Festival Year: 2017, 2016
Juan Mejia Botero
Roles: Director
Juan Mejia Botero is an award-winning film director with over a decade of experience in feature length and short documentaries. His work has focused primarily on human rights, activist, grassroots media and collaborative documentaries. As a Thomas J. Watson Fellow, Juan traveled, lived, and worked as a community video facilitator, guiding grassroots media projects in Colombia, Brazil, Perú, Chile and Ecuador. His documentary work has been deeply influenced by his community media work as well as his long-standing collaboration with grassroots organizations throughout the region. Juan’s directorial debut, a medium-length documentary “Uprooted,” about the life of a displaced Afro-Colombian family in the Pacific Coast of Colombia won a number of awards and played widely in film festivals in the U.S. and abroad. It was then aired on PBS as part of the Afro-Pop series. In addition to directing Death By A Thousand Cuts, Juan has directed a number of short and long format documentaries around matters of forced displacement, ethnic autonomy, state violence, natural resources and other important human rights issues, which have played widely in the festival circuit and television.

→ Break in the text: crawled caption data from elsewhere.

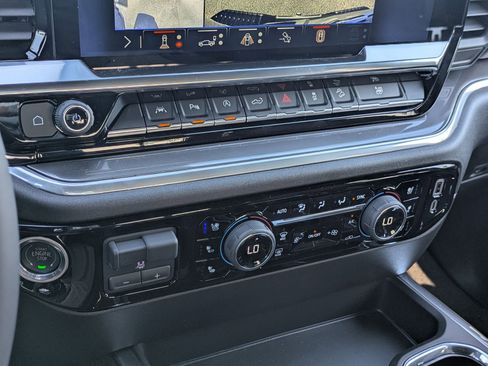 New 2025 Chevrolet Silverado 1500 High Country w/ Midnight Edition image 18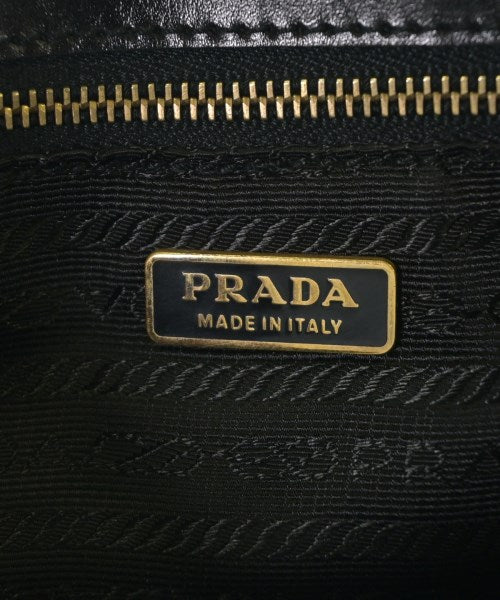 PRADA กระเป๋าถือขนาดใหญ่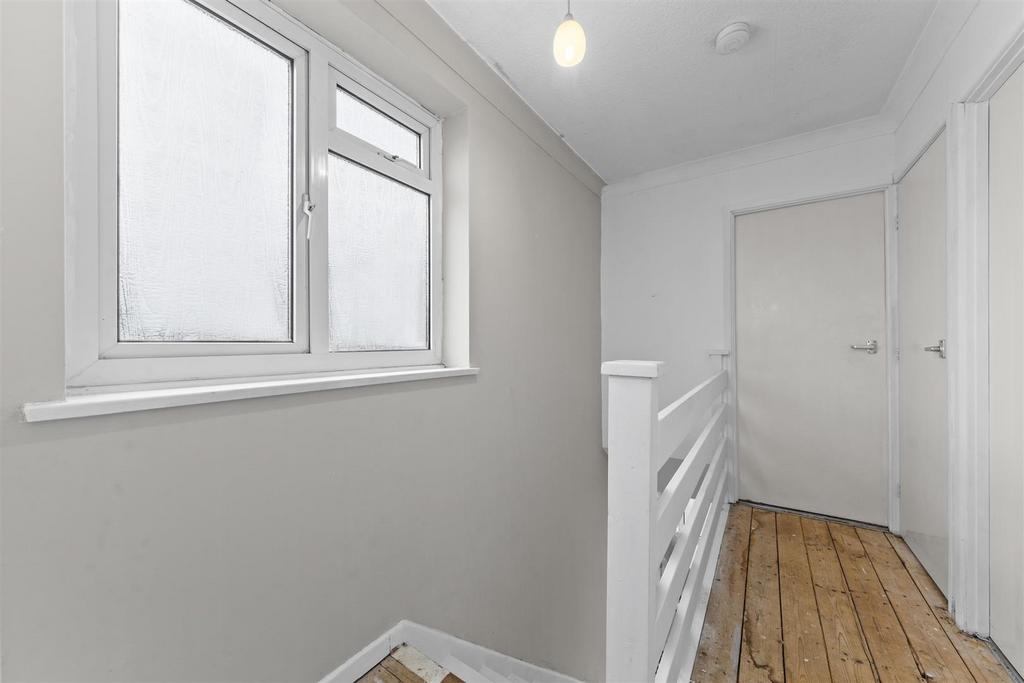 137 Kinross Cres Web23.jpg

His latest film, the feature documentary The Battle for Land, winner of a production grant from the Colombian Ministry of Culture Cinema Fund and a post production grant from the Tribeca Film Institute is nearing completion and expects a 2016 premiere. Juan has a BA in anthropology from Swarthmore College, an MA in Latin American Studies from UT-Austin and an MA in Social Documentary from UC- Santa Cruz.